Pourquoi cette étude et comment l'avez-vous réalisée ?
- L'AEMO est parfois contestée, elle est surtout mal connue. Nous avons décidé de balayer devant notre porte en lançant cette enquête. Notre ancienneté et notre expérience nous le permettaient. Après une phase de sensibilisation de 18 mois, un groupe de 12 salariés volontaires
- assistants sociaux, éducateurs spécialisés et psychologues - s'est donc engagé dans une recherche-action visant à objectiver les pratiques. Le groupe a choisi lui-même son thème de travail et ses outils : deux questionnaires très détaillés à remplir, un mois et six mois après l'ouverture du dossier. Un chercheur extérieur, Franck Darty, a apporté un soutien méthodologique pour construire ces outils et rédiger la synthèse. Promofaf a financé cette « formation-action » d'une durée de deux ans.
Quels en sont les premiers résultats ?
- La construction des questionnaires elle-même préfigure une certaine modélisation du travail en AEMO. Mais les professionnels se sont aperçus qu'ils ne pouvaient répondre à toutes leurs questions, qu'ils connaissaient mieux certains aspects de la vie du jeune et de sa famille que d'autres. Cet écart les a conduits à s'interroger sur les modèles, les « normes », les représentations à l'œuvre, consciemment ou non, chez les travailleurs sociaux. Par ailleurs, l'interrogatoire en deux temps a permis de voir comment l'analyse de la situation et les moyens d'intervention se construisent. Au départ, l'action est centrée sur le jeune, du fait des comportements qui ont suscité l'intervention. Six mois plus tard, elle concerne surtout la dynamique familiale, dans un contexte souvent compliqué et qui n'était pas perçu à l'origine. Autre constat fort : le nombre extrêmement restreint des moyens d'intervention. L'essentiel de l'action porte sur des entretiens individuels (dans 62 % des cas) et familiaux (80 %). Mais les questionnaires n'étaient pas assez fouillés sur ce point, et nous ne savons pas exactement ce que les travailleurs sociaux ont mis sous ce vocable d'entretien.
Les capacités parentales sont-elles restaurées grâce à l'AEMO ?

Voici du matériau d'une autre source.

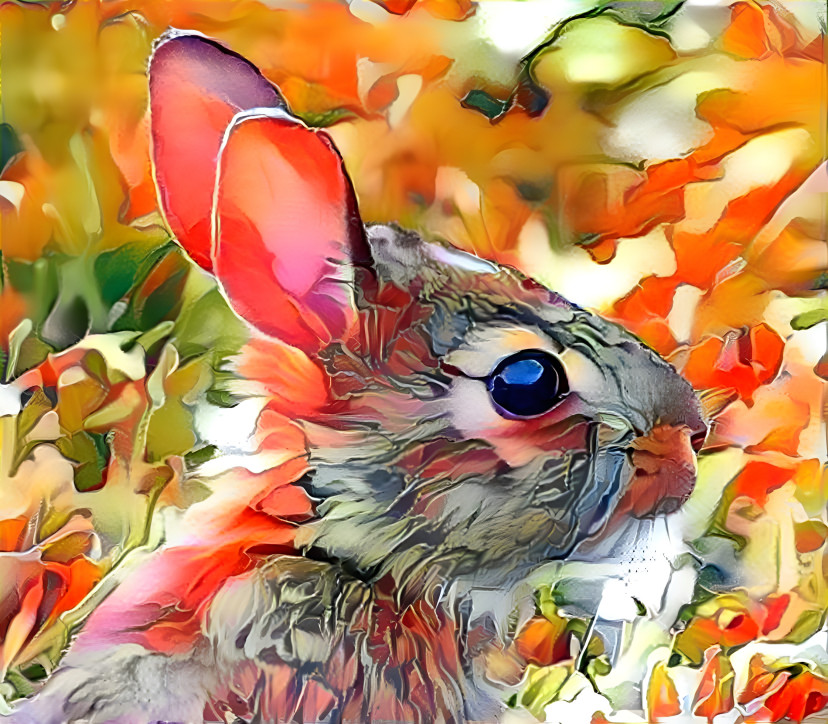 Rabbit in poppyfield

- Il faudrait mener une recherche sur les deux ou trois ans que dure une mesure d'AEMO pour en évaluer l'efficacité sur ce plan. L'étude éclaire mieux les méthodes utilisées que les résultats. Et sur les méthodes, elle permet d´établir que les travailleurs sociaux « ne font pas n'importe quoi », que les leviers d'intervention employés sont cohérents avec la perception de la situation et les objectifs poursuivis. La somme des données recueillies n'a pu être encore entièrement exploitée au plan qualitatif, mais elle invite à poursuivre et élargir la réflexion ! Devant les situations multiproblématiques des familles auxquelles nous avons affaire, il est sûr que l'AEMO ne peut répondre à tous les besoins : il faudrait lui associer d'autres types d'intervention, permettre des collaborations, des partenariats multiprofessionnels très ouverts.

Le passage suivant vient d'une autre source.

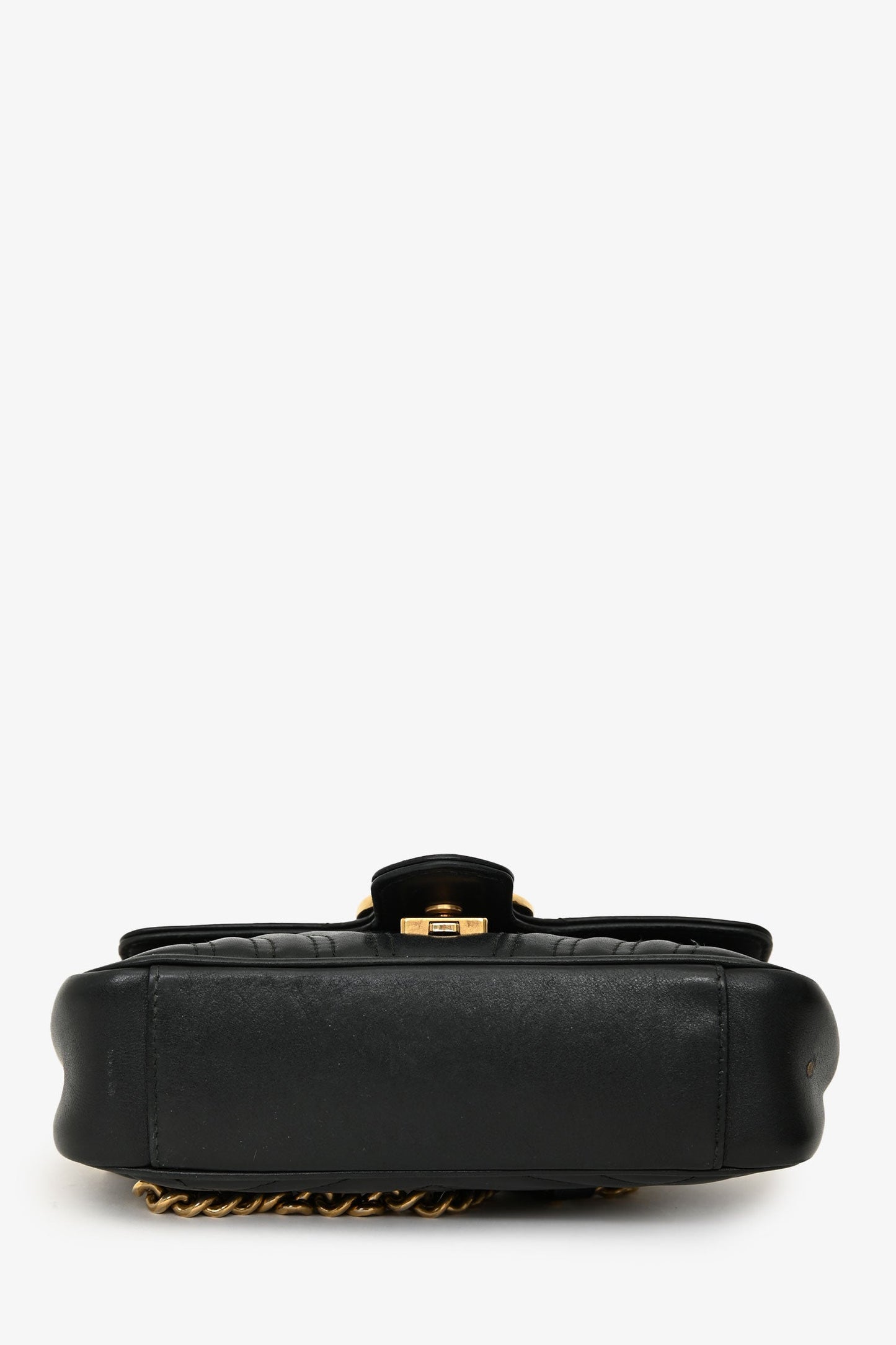 Gucci Black Lambskin Matelasse Small GG Marmont Double Chain Shoulder Bag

Propos recueillis par Marie-Jo Maerel
(1) Active en Ile-de-France, l'association Jean-Cotxet (850 salariés au total) gère des services de protection de l'enfance de tous types (prévention spécialisée, accueil d´urgence, foyer éducatif, placement familial, etc.). Ses trois services d'AEMO (administrative et judiciaire) à Paris et dans la Seine-Saint-Denis occupent 68 salariés et ont suivi 1 138 jeunes en 1999.
(2) Sur la restauration des capacités parentales dans le cadre des mesures d'AEMO - Disp. auprès de l'association Jean-Cotxet : 52, rue Madame - 75006 Paris - Tél. 01 45 49 63 80.